> **Assignment**: In the listing beneath this line, copy exactly the lines starting with the one containing "Imagenes de la" and going on through the one containing "50 euro für".
'''
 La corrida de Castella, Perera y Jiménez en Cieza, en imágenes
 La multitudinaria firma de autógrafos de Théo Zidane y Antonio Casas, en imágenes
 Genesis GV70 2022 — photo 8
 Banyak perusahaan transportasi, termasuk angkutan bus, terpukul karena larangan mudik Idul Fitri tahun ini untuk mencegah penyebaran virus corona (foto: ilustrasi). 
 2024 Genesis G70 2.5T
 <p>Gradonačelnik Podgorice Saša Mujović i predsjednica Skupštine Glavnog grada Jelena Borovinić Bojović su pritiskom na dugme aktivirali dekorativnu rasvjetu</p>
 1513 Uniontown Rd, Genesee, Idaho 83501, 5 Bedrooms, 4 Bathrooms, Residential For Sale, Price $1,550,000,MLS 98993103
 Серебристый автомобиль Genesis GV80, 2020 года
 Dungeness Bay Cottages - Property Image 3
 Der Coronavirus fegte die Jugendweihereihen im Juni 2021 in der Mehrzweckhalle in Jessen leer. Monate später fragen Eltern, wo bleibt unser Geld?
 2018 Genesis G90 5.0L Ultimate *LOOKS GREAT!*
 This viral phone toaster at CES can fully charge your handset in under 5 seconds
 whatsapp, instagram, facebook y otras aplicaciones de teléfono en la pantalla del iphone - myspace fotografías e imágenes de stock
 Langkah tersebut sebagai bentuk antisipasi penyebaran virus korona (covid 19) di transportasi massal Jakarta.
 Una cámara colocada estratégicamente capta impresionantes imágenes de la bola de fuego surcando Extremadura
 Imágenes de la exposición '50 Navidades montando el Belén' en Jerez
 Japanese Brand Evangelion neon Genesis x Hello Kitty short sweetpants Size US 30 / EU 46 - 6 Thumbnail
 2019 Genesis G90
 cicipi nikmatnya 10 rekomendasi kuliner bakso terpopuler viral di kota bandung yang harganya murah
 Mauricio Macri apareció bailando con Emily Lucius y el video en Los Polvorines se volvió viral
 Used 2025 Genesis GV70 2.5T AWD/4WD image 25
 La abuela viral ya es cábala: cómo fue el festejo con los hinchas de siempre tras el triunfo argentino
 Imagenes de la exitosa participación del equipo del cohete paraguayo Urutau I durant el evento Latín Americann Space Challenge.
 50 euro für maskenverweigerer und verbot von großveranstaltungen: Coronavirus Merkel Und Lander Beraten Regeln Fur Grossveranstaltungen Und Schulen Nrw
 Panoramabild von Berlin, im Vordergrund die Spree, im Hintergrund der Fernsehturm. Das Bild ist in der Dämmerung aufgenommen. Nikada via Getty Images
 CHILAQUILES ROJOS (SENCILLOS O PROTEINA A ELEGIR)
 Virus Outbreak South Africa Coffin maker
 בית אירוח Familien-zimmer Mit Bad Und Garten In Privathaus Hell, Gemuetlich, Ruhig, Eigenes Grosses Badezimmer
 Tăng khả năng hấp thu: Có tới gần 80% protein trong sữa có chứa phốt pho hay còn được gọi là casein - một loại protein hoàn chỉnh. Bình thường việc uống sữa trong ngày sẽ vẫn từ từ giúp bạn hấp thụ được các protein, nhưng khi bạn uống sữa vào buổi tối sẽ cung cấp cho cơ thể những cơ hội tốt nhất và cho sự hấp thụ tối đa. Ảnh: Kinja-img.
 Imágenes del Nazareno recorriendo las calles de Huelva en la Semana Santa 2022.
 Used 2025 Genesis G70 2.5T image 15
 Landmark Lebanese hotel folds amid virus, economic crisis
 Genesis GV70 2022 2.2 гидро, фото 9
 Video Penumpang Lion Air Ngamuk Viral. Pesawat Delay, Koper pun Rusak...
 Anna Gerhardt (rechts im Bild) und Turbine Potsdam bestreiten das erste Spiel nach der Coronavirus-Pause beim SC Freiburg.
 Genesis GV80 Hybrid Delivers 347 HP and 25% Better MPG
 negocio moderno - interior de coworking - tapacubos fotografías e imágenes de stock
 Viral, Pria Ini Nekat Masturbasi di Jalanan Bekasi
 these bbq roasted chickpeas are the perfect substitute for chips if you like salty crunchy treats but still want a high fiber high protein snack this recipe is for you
'''
> **Output below**:
 Imagenes de la exitosa participación del equipo del cohete paraguayo Urutau I durant el evento Latín Americann Space Challenge.
 50 euro für maskenverweigerer und verbot von großveranstaltungen: Coronavirus Merkel Und Lander Beraten Regeln Fur Grossveranstaltungen Und Schulen Nrw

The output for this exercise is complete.